With a web of intrigue, 'Homeland' is season's best new show
Cleveland.com
Friday, September 30, 2011
If evidence still is needed to prove that Showtime has closed the quality gap with pay-cable rival HBO, it can be found hanging like a high-tension wire over every suspenseful turn of "Homeland." And tension is this instantly fascinating psychological thriller's basic stock in trade.
Premiering at 10 p.m. Sunday on Showtime, "Homeland" is a post-9/11 cable drama that hits home with harrowing resonance. Delving into doubts and anxieties gnawing away at Americans for the past 10 years, it stars Emmy-winner Claire Danes ("Temple Grandin") as a CIA analyst who could use some time with a good analyst.
Danes' Carrie Mathison is the most intriguing puzzler in this intricate web of intrigue. She's brilliant, tenacious, dedicated and driven to a fault. She has plenty of faults -- deeply disturbing faults that constantly threaten to undermine her career and our view of her as a relentless champion of truth.
She's obstinate, impulsive and sometimes reckless. And she's bipolar, a condition Carrie is hiding from her superiors because it would mean immediate dismissal.
She's also the fall season's most compelling new character, and, based on the three episodes Showtime made available to critics, "Homeland" is the fall's best new series of any kind. That's not say it doesn't take a few wrong turns. Like Carrie, this cable newcomer is not without faults.
While sprinting along at a fairly brisk pace, "Homeland" does stumble over the occasional psycho-thriller cliche and drearily familiar exchange of dialogue. It also needs to put a sense of humor on the requisition list. Obvious as they are, however, these are mere missteps, and the Showtime rookie never completely loses its balance.
Danes' performance keeps us fully engaged, as does the ongoing cat-and-mouse game that emerges in these early episodes. What's gripping far outweighs the tripping.
The riveting debut episode of "Homeland" follows the rip-roaring return of Showtime's "Dexter," which begins its sixth season at 9 p.m. Sunday. It's a stunning one-two punch.
Based on the Israeli television series "Prisoners of War," "Homeland" has been expertly Americanized by Howard Gordon and Alex Gansa. These two executive producers had plenty of time to experiment with high-stakes storytelling during their years crafting plots for Kiefer Sutherland's counterterrorist agent, Jack Bauer.
While covering similar counterterrorist themes as Fox's "24," "Homeland" has a far different feel and appeal. The stakes are set with an opening flashback showing Carrie racing through the streets of Baghdad. Making her way to a dilapidated prison, she reaches the cell of condemned Iraqi man.
The corrupt prison guard tells Carrie that it's only a matter of seconds before she's discovered and expelled. She pushes the prisoner for information. He hesitates. She pushes harder. Other guards arrive. Carrie is being dragged away from the cell.

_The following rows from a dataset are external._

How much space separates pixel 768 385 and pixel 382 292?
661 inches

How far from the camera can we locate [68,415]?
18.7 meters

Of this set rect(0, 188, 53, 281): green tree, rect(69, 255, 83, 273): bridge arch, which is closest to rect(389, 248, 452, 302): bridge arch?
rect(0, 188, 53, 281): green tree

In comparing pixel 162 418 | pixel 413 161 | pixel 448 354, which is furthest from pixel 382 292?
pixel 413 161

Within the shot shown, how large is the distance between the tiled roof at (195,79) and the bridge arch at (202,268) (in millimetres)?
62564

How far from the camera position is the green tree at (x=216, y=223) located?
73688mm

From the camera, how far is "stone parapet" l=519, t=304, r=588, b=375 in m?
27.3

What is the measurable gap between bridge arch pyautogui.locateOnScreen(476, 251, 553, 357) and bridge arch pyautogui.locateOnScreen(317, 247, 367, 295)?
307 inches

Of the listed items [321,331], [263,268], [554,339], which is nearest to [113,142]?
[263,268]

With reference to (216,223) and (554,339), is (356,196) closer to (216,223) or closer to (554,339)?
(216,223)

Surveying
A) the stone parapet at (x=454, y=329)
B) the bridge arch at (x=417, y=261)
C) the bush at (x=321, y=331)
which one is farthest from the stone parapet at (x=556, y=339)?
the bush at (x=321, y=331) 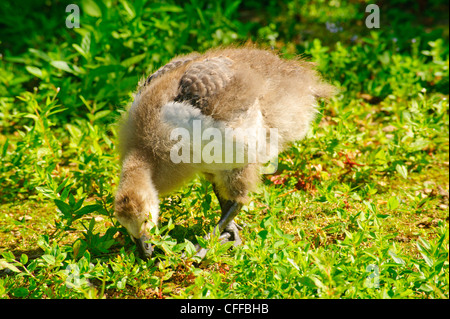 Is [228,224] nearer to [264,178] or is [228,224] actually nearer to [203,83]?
[264,178]

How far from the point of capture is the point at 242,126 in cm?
359

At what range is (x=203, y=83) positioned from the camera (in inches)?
141

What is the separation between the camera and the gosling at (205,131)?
348 centimetres

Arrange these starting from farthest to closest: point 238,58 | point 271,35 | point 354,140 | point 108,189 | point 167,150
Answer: point 271,35 → point 354,140 → point 108,189 → point 238,58 → point 167,150

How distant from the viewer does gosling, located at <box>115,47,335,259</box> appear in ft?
11.4

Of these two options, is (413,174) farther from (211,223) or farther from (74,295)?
(74,295)

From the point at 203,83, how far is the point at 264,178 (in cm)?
150

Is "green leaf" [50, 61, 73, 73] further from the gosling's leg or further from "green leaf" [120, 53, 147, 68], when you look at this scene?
the gosling's leg

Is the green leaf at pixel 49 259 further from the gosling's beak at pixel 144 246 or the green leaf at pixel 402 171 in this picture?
the green leaf at pixel 402 171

She pulls away long enough to reach the small barred window in the cell door. The prisoner whispers eight chilling words in her ear: "An American prisoner of war has been turned."
Months later, America is electrified by the news that a Marine sniper, Sgt. Nicholas Brody (Damian Lewis), has been rescued after eight years of captivity. He is given a hero's homecoming.
Every major news outlet covers the welcome-home ceremony, which reunites Brody with his wife, Jessica (Morena Baccarin), and their two children. The period of adjustment is going to be tough for everybody on the home front. Having given up her husband for dead, Jessica has been having an affair with one of his closest friends, Capt. Mike Faber (Diego Klattenhoff).
Although the White House, the Pentagon, the CIA and the media view Brody as a sensational feel-good story, Carrie is troubled by some unsettling feelings. What if Brody is the prisoner of war who has been turned?
She wants to put him under surveillance, but her politically ambitious superior, deputy director David Estes (David Harewood), doesn't want this loose cannon anywhere near America's new hero.
Her CIA mentor, Saul Berenson (Mandy Patinkin), tries to help, but Carrie has been viewed as a liability ever since that unauthorized visit to an Iraqi prison.
Yes, Nicholas Brody is harboring secrets, but so are Carrie, Jessica, Mike and, you can bet, several other characters in "Homeland." We keep watching Carrie as she finds ways to keep watching Brody, and that keeps us guessing and second-guessing motives.
Is Brody part of a terrorist plot? And even if Carrie is right about him, will the ends justify the means and extremes? We grapple with these mysteries as the nuanced performances of Danes and Lewis put the considerable psychological grit into this psychological thriller.